-- INSTRUCTIONS FOR THE TASK --
Output every line below as it stands, dropping only the images.

Data excerpts:
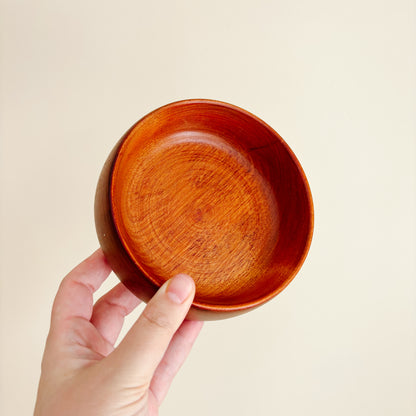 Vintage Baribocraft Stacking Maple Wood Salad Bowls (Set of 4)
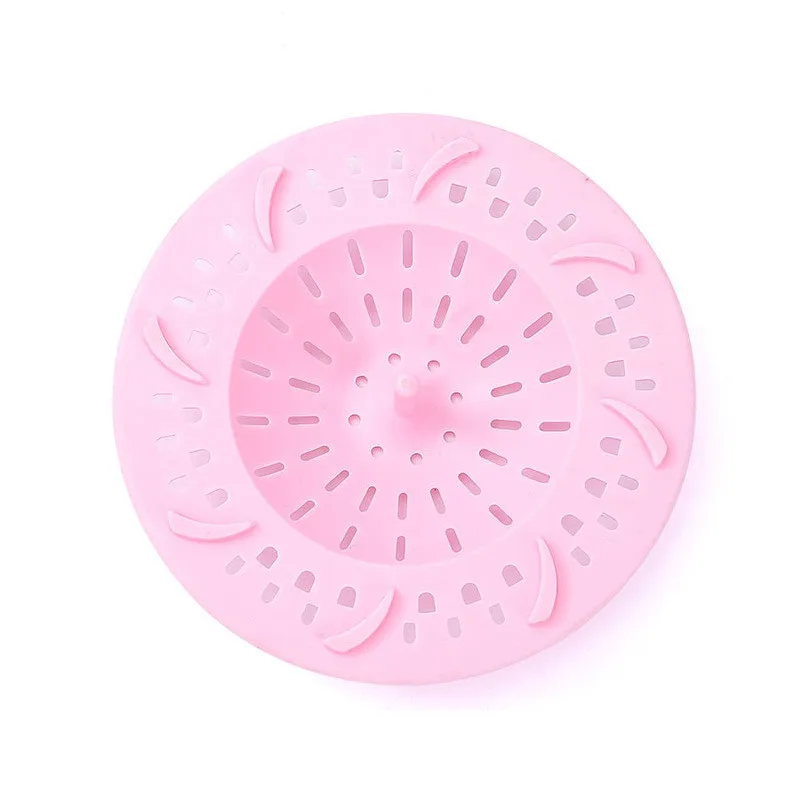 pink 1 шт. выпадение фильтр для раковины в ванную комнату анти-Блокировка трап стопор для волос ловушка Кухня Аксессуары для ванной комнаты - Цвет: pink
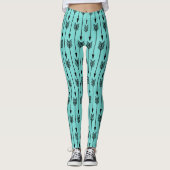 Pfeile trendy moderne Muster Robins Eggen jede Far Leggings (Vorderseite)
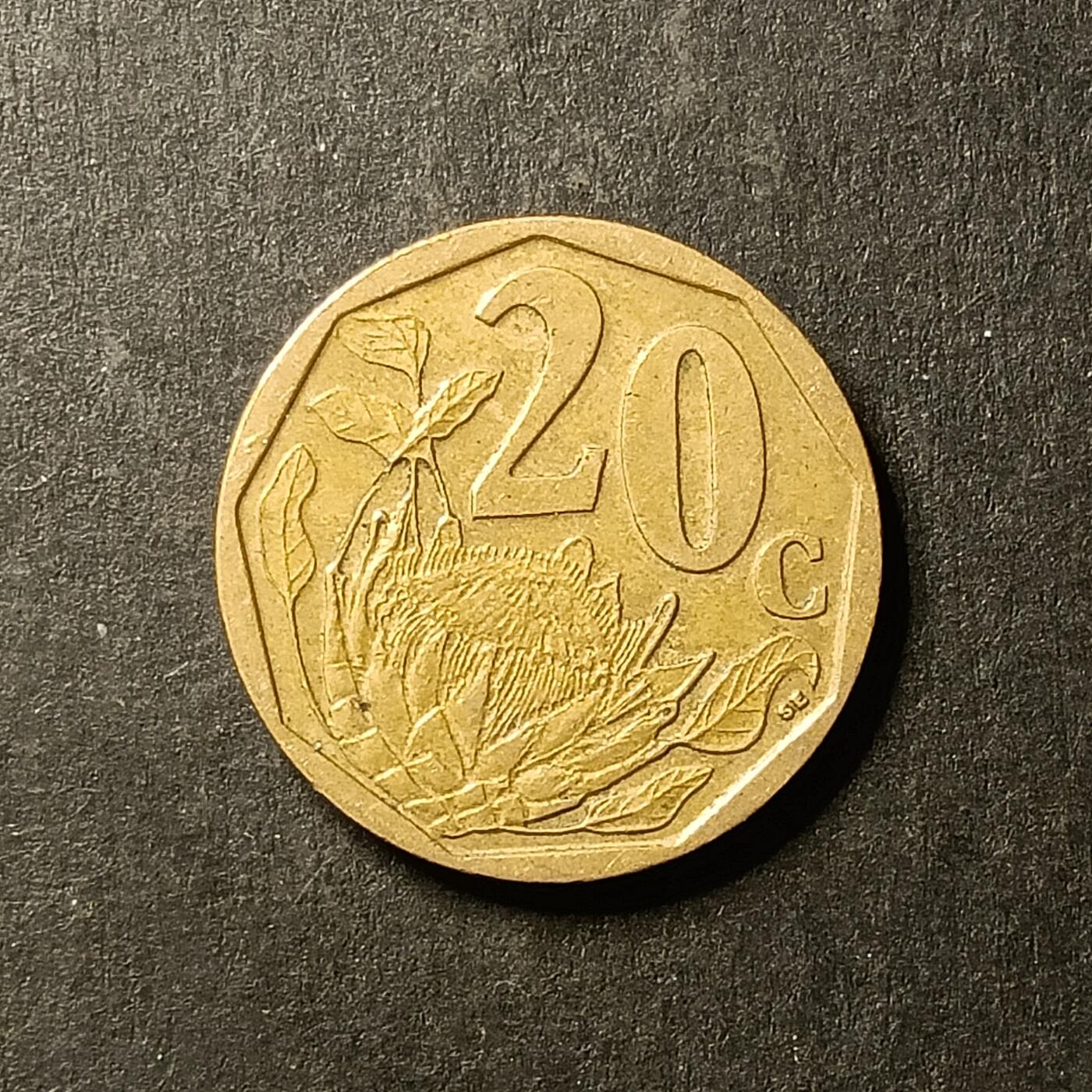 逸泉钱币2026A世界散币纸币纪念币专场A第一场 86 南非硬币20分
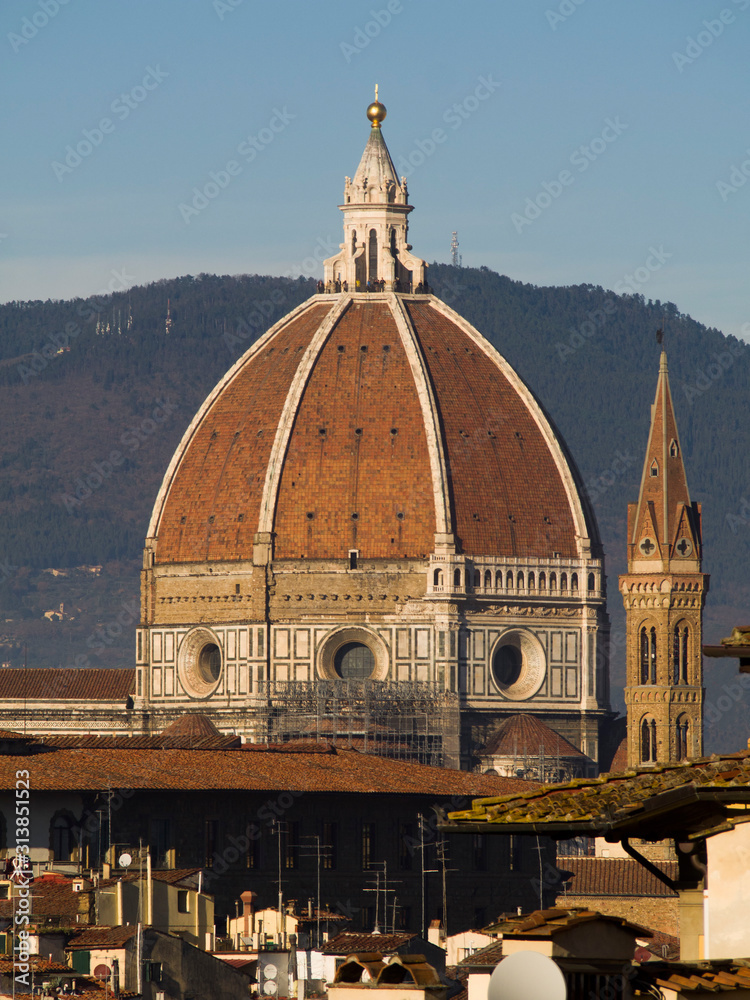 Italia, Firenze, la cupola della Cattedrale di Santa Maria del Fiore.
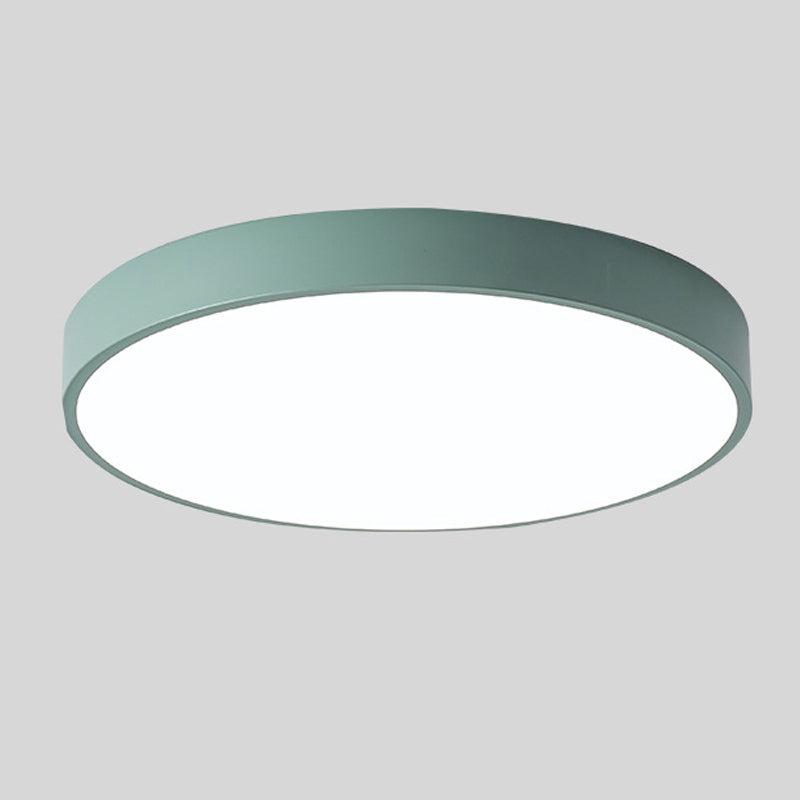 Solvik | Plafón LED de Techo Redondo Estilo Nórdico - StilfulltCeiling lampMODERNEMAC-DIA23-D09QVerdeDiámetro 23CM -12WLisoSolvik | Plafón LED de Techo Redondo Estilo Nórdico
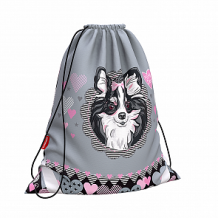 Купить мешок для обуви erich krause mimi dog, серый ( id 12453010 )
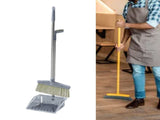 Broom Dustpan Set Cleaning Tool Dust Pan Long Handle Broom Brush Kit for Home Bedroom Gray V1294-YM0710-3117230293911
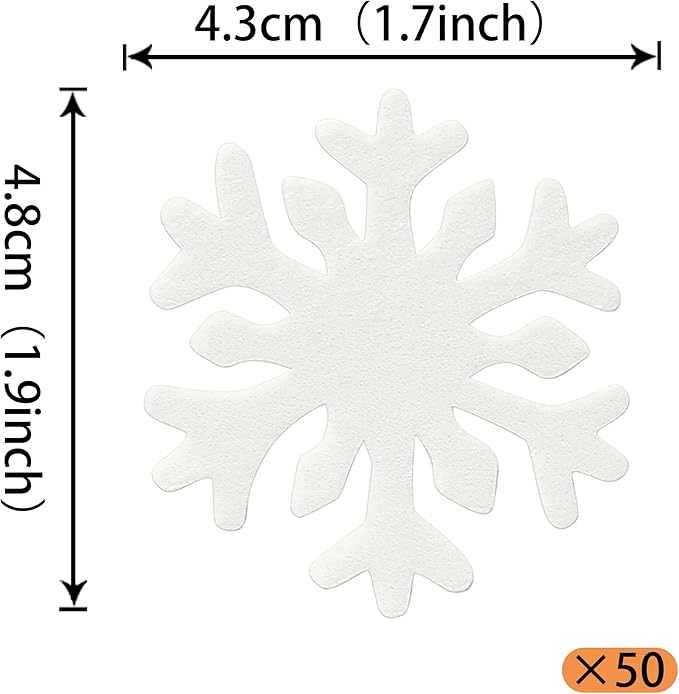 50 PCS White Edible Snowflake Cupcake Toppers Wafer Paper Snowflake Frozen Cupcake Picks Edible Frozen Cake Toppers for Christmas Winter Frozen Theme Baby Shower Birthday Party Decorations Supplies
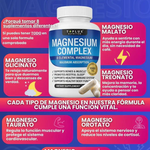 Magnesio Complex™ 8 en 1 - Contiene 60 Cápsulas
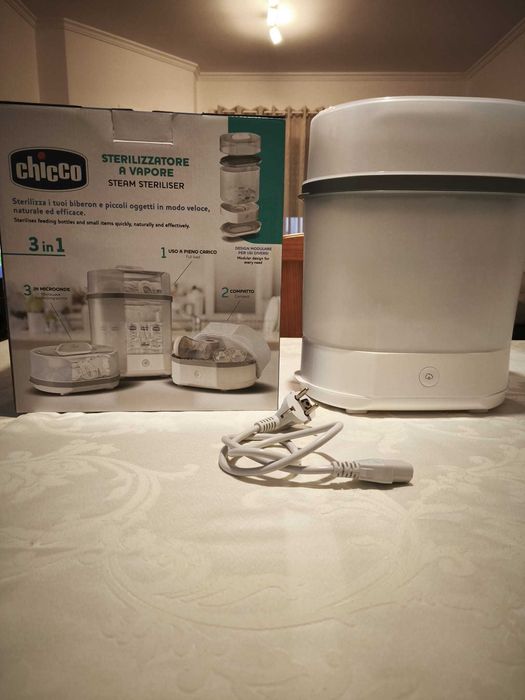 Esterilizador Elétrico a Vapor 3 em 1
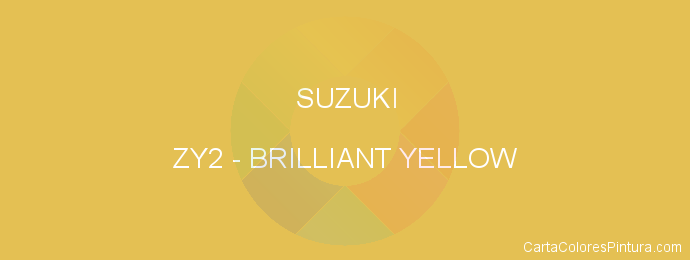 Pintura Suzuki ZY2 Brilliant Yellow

-- SOLUTION FOR THIS EXERCISE --
 Vintage Baribocraft Stacking Maple Wood Salad Bowls (Set of 4)
 pink 1 шт. выпадение фильтр для раковины в ванную комнату анти-Блокировка трап стопор для волос ловушка Кухня Аксессуары для ванной комнаты - Цвет: pink
 Pfeile trendy moderne Muster Robins Eggen jede Far Leggings (Vorderseite)
 逸泉钱币2026A世界散币纸币纪念币专场A第一场 86 南非硬币20分
 Italia, Firenze, la cupola della Cattedrale di Santa Maria del Fiore.
 Solvik | Plafón LED de Techo Redondo Estilo Nórdico - StilfulltCeiling lampMODERNEMAC-DIA23-D09QVerdeDiámetro 23CM -12WLisoSolvik | Plafón LED de Techo Redondo Estilo Nórdico
 Купить мешок для обуви erich krause mimi dog, серый ( id 12453010 )
 Broom Dustpan Set Cleaning Tool Dust Pan Long Handle Broom Brush Kit for Home Bedroom Gray V1294-YM0710-3117230293911
 50 PCS White Edible Snowflake Cupcake Toppers Wafer Paper Snowflake Frozen Cupcake Picks Edible Frozen Cake Toppers for Christmas Winter Frozen Theme Baby Shower Birthday Party Decorations Supplies
 Magnesio Complex™ 8 en 1 - Contiene 60 Cápsulas
 Esterilizador Elétrico a Vapor 3 em 1
 Pintura Suzuki ZY2 Brilliant Yellow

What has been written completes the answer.